A renowned tax expert in Singapore and Malaysia said that Malaysia needs to widen its revenue base as the country’s over-reliance onpetroleum poses a risk.

Speaking to a crowd of tax professionals at a CCH seminar, Dr. Veerinderjeet Singh, CCH Technical Advisor (Taxation) and Chairman of Taxand Malaysia said that “Malaysia’s over-reliance on petroleum certainly poses a risk.” Acknowledging that the income tax revenue collection trended up in 2011 and 2012, he then pointed out that the tax revenue-to-GDP ratio remains low. He mentioned that there is scope to generate more tax revenue and this could be achieved with greater compliance initiatives and cohesion between Government agencies in terms of sharing of data/information and managing project costs, including measures to ensure that all economic activities are taxed under the law and are not allowed to slip under the radar.

In terms of growth-enhancing tax reforms, the CCH Technical Advisor (Taxation) proposed rebalancing the revenue mix by focusing more on indirect taxes (such as GST) as opposed to direct taxes, adding that the reduction of top personal income tax rates is an imperative towards stimulating entrepreneurship.

Dr. Veerinderjeet also mentioned that Malaysia needs a broad-based, on-going review of all existing tax legislation through a public review process. He suggested that the Ministry of Finance and the Inland Revenue Board form a consultative working group together with key tax and business professionals/captains of industry to provide regular input on present and emerging issues. He went on to say that Malaysia needs a clear fiscal and tax policy roadmap over the long term as it moves towards attaining its high income and developed nation status.

On the international front, Dr. Veerinderjeet mentioned thattax planning is under attack from multiple directions in various developed nations.”

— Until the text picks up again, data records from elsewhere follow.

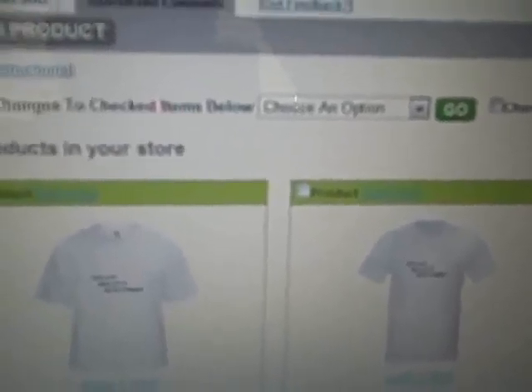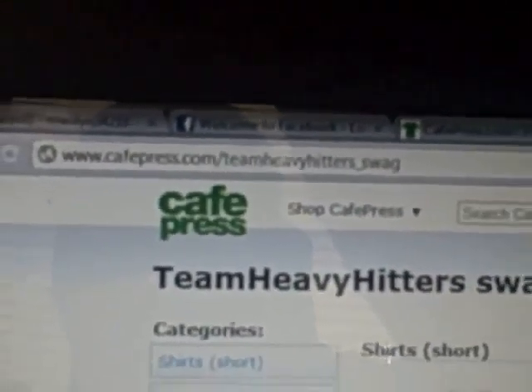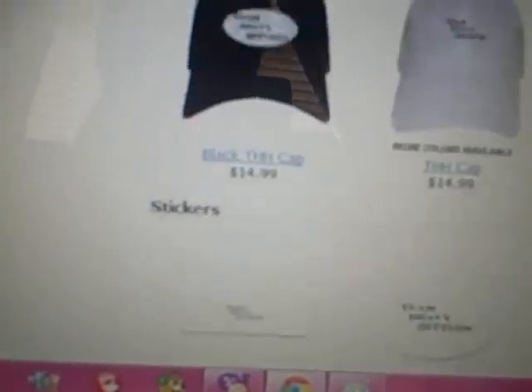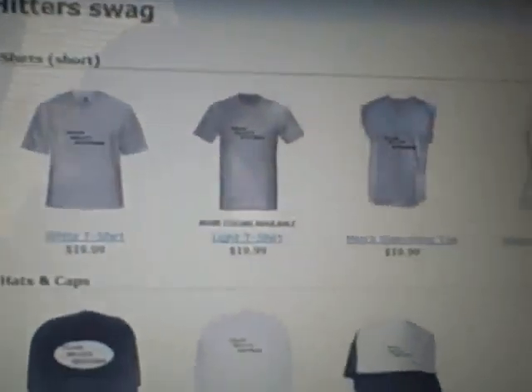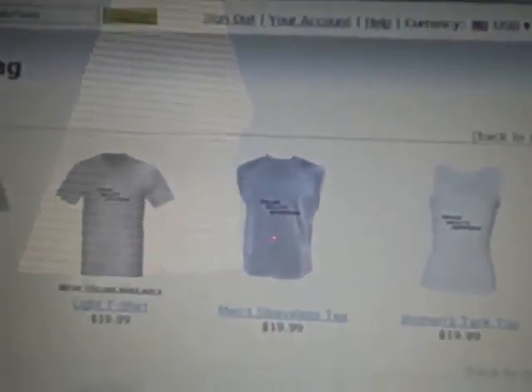So if you want to check my store out, go to this website right here — which you probably can't see, but I'll put a link to it in the description. You can go there, buy stuff, whatever. In case anybody's been wanting some, I've been wanting to figure out how to get this stuff made and I finally did. So if any of you guys want anything, just hit up this site and there you go.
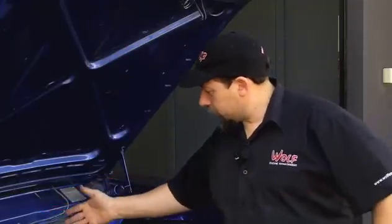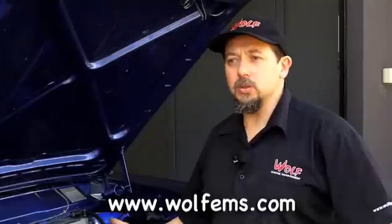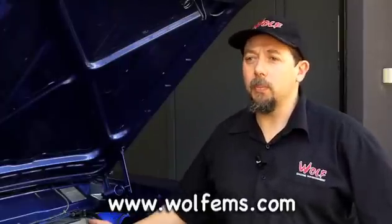The checks that you should do should be pretty much the way you should check your car on a regular basis. Do you have anything around or near the exhaust? Because your exhaust is the thing that gets the hottest on a dyno. So if you have wiring that's close to the exhaust, there's a good chance that that's going to catch fire or melt.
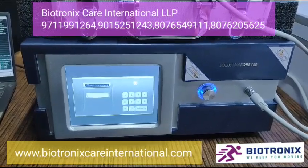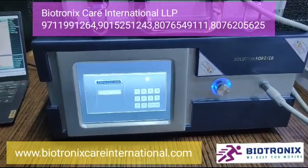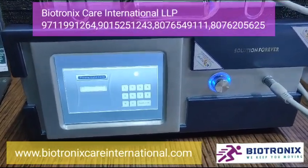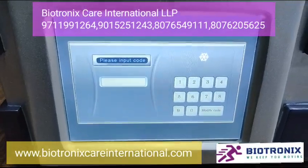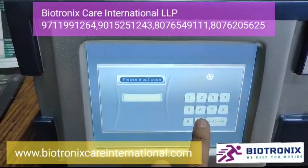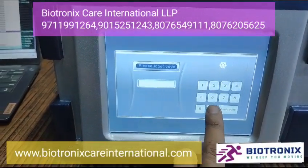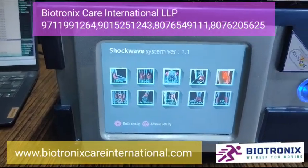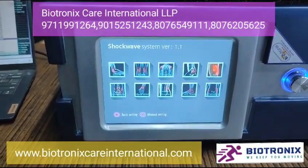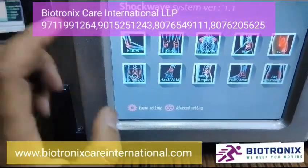Biotronics pneumatic shockwave — let me show you the parameters. Once you switch on the machine, you need to enter a password. The default password is 1-2-3-4-5-6. Enter it six times with zero and it will enter into the main screen.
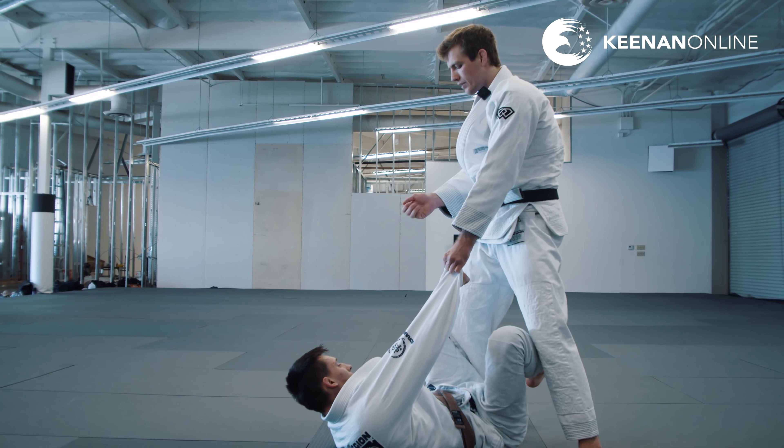I start knee cutting immediately, and the cool thing is that even if he holds onto my ankle really tight, because I have his arm and I can reach to the collar right away — already lifting his body off the ground — it creates an opening on the knee cut side. Even if he has my ankle, when I bring it across, my knee goes all the way to the mat pretty dynamically and he never has a chance to push or recover. That's when we start dropping our hip and sliding our knee out and down to secure the knee cut position.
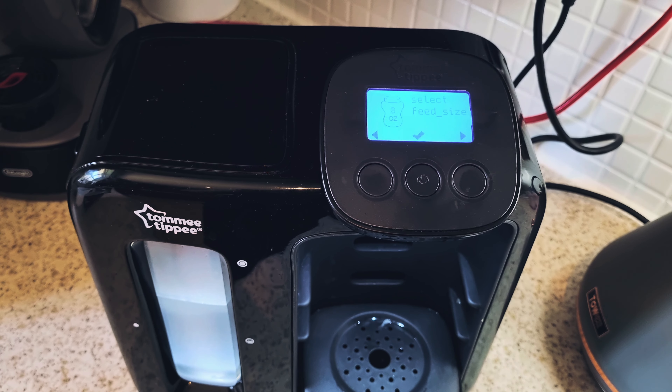Now fill the tank with cold water — we've got a fresh jug full of cold water here to fill up the tank. Try not to overfill; I've gone a little bit over the side there, so be careful. Let that filter through. Once you've filled it up with cold water it says place the mug on the tray and press the button.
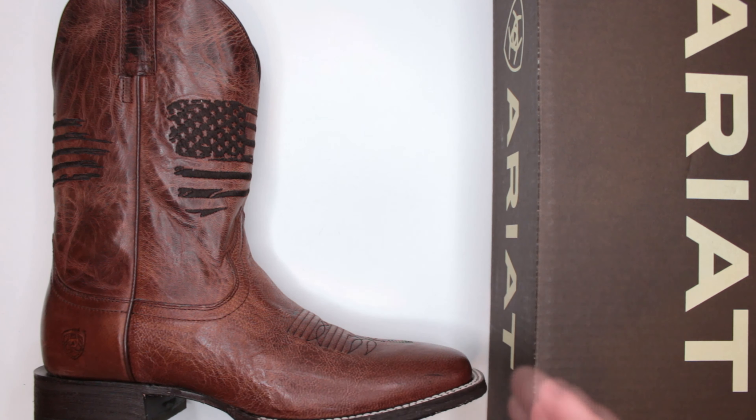Let me know in the comments below what you think about this boot — would you consider it for your ultimate survival boots, or would you get it just as a nice pair of cowboy boots? Drop any requests in the comment section as well; I always prioritize those. Thank you for watching — this was Firearms of America, and I'll see you guys in the next video.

He cited several high-profile international cases of prominent multinational companies that have drawn widespread scrutiny largely for their transfer pricing practices and the extensive usage and routing of service fees/royalties via low tax jurisdictions, explaining that this criticism stems from the notion of a “moral imperative to pay tax in places where one does business”. This focus on what is called “tax morality” appears to be a response to the perceived erosion of the tax base of certain developed countries (resulting in lower tax revenues and higher fiscal deficits) due to strong competition from other jurisdictions offering companies attractive incentives and lower tax rates.

CCH General Manager Sean Liew said “As a leading tax publisher, CCH aims to provide research, compliance and management tools assist tax and financial professionals to interpret the complex tax code. We are committed to helping them do their work efficiently and effectively. However, where the application of the law is grey, I believe that morality then has to become the guiding principle as to the right action.”

Dr. Veerinderjeet also noted that the transfer pricing guidelines set out by the OECD have been considered to be inadequate for developing countries, and this thinking has been spearheaded by China and India via the recently issued UN Practical Manual on Transfer Pricing. In addition, some jurisdictions have incorporated general anti-avoidance rules (“GAAR”) into tax laws as the specific anti-avoidance rules were considered inadequate to combat unacceptable tax avoidance practices. India and the United Kingdom are two recent examples.

Entitled “The Future Tax Landscape in Malaysia: Risk Management Strategies”, the seminar was organised by CCH Malaysia, an world-class information services provider which serves tax, accounting, audit and human resources professionals.